The pro-Kurdish Democratic Society Party (DTP), which currently faces a closure case, was able to enter Parliament by running independent candidates in the July 22 general elections last year, proving the absurdity of the 10 percent threshold. The DTP requested on July 16 that the threshold be reduced to 3 percent. It also asked for funds from the Treasury for parties that were able to win at least 1 percent of the vote. Toptan then presented his suggestions to change the Political Parties Law, and Prime Minister Recep Tayyip Erdoğan gave the go-ahead.
Suggestions on how to modify the Political Parties Law include that 100 of the 550 seats in Parliament be proportionately distributed to political parties according to the percentage of votes they receive. For example, 60 seats would go to the ruling party if it is able to get 60 percent of the vote, etc. However, deputies holding the seats according to the percentage of the vote their parties receive would not have provincial representation and would not be called "deputies."
Ergün pointed out that the election threshold was kept to prevent political instability but that in fact it caused instability -- especially in the period between 1995 and 2002. He said coalition governments consisting of three or four parties were formed at the time.
"The AK Party believes that the election threshold is not necessary and that it should be reduced to either 5 or 7 percent. We are ready to discuss this, but we are not planning to remove it altogether. We are also considering a 'deputies of Turkey' option," Ergün said.
He added that if parties are not able to pass the new threshold, they would still be represented in Parliament by way of 'deputies of Turkey.'
"Removing the threshold altogether would harm stability. We should think about both stability and justice in representation," he said.
He also pointed out that even though the current Political Parties Law prohibits election alliances, parties still engage in them, making it necessary to remove that barrier as well.
EU harmonization process behind changes
Ergün said the government's move to harmonize Turkey's practices with the European Union had had a significant influence on the new move to reduce the threshold. Turkey, even though a candidate country for EU membership, has the highest election threshold among EU states.
Parliament Speaker Toptan is known to be an ardent supporter of a reform of the Political Parties Law and had a report prepared on the issue. According to the report, EU member states Germany, Italy, Belgium, Luxemburg, Poland, Hungary, the Czech Republic, Slovakia, Estonia, Latvia and Lithuania have 5 percent election thresholds.
Austria, Sweden and Slovenia have 4 percent while Greece and Denmark have 2 percent election thresholds.
The EU states with no election threshold are France, Britain, Ireland, the Netherlands, Spain, Portugal, Finland, Greek Cyprus and Malta.
CHP and MHP against changes
The Turkish Industrialists and Businessmen's Association (TÜSİAD) suggested in 2005 that the election threshold be reduced, and at the time, even though the AK Party was warm to the idea, opposition Republican People's Party (CHP) leader Deniz Baykal was against it.
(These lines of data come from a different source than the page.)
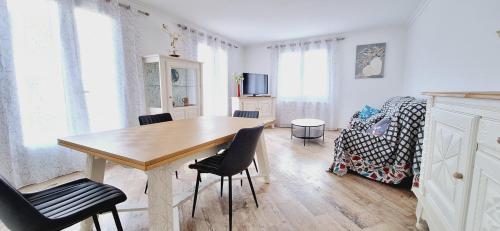 una habitación con mesa y sillas y un dormitorio en Les Glycines - Maison avec bel extérieur, 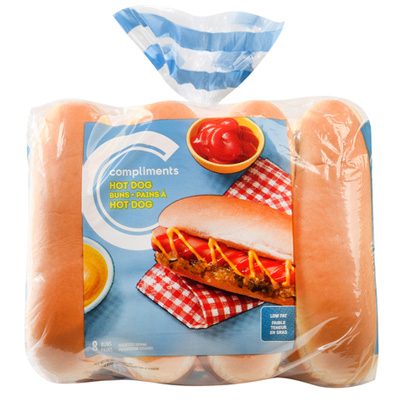 A clear plastic Compliments Hot Dog Buns bag with a blue label showing a fully dressed hot dog on a red-and-white napkin.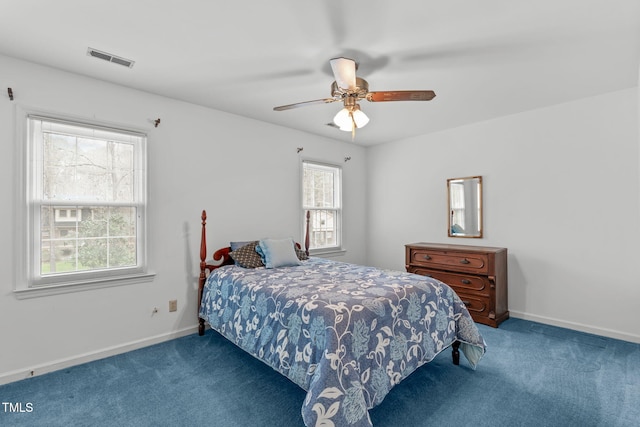 carpeted bedroom featuring a ceiling fan, visible vents, and baseboards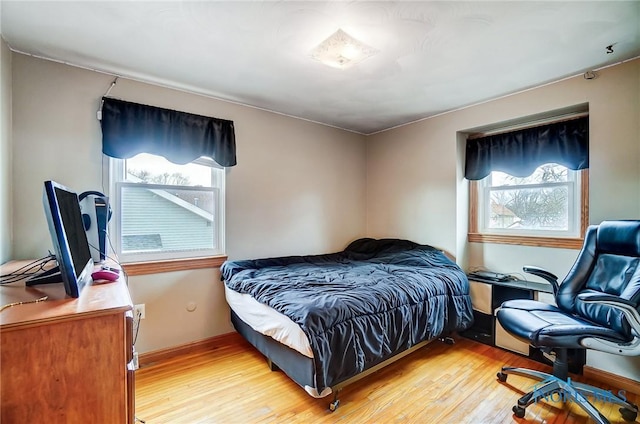 bedroom with light wood-style floors and baseboards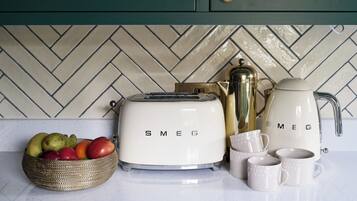 A kitchen counter with a toaster, a coffee maker, and a fruit bowl.
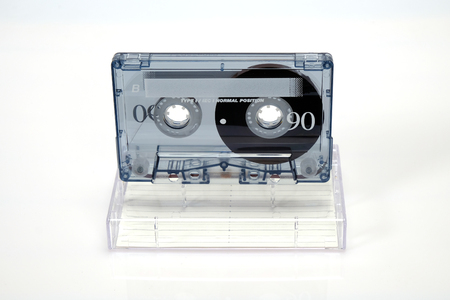 Vintage audio compact cassette. Audio cassette on a white background, front view with box. Old analog format for audio playing and recording.のeditorial素材
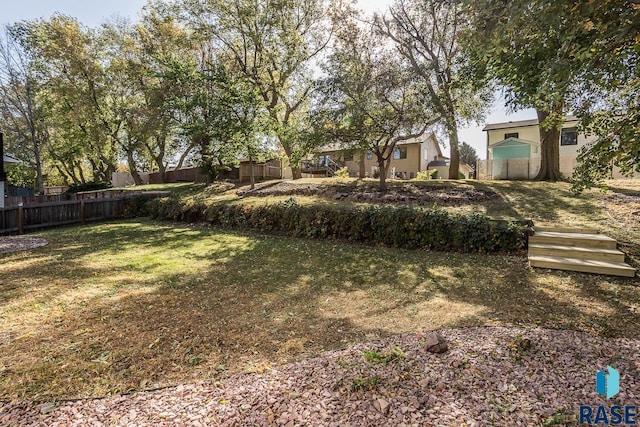 view of yard featuring fence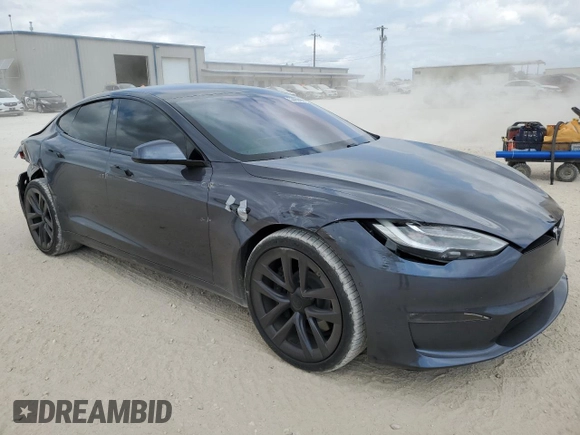 2021 Tesla Model S Long Range with VIN 5YJSA1E51MF453924, listed as a Copart auction lot 53486495 with 48,599 mi miles and Salvage title. Bid and sale history available at DreamBid. Image 4.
He defended the election threshold on grounds that the removal would cause instability and give way to the separatist Kurdistan Workers' Party (PKK) being further politicized.
On the other hand, the Nationalist Movement Party (MHP), which did not support reducing the election threshold, is now warm to the idea.
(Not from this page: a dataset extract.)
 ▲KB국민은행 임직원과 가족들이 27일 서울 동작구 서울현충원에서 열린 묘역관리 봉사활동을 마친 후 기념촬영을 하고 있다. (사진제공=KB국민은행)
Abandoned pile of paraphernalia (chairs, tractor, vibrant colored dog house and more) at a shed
Constitutional law expert Professor Zafer Üskül said because of the 10 percent threshold, more than half of the constituency was not represented in Parliament.
"Such a high threshold cannot be defended just because of the stability issue. In previous elections in the past in Turkey, we saw one-party rule without an election threshold. EU states do not have more than a 5 percent election threshold. A threshold above that would damage the accountability of elections," he said.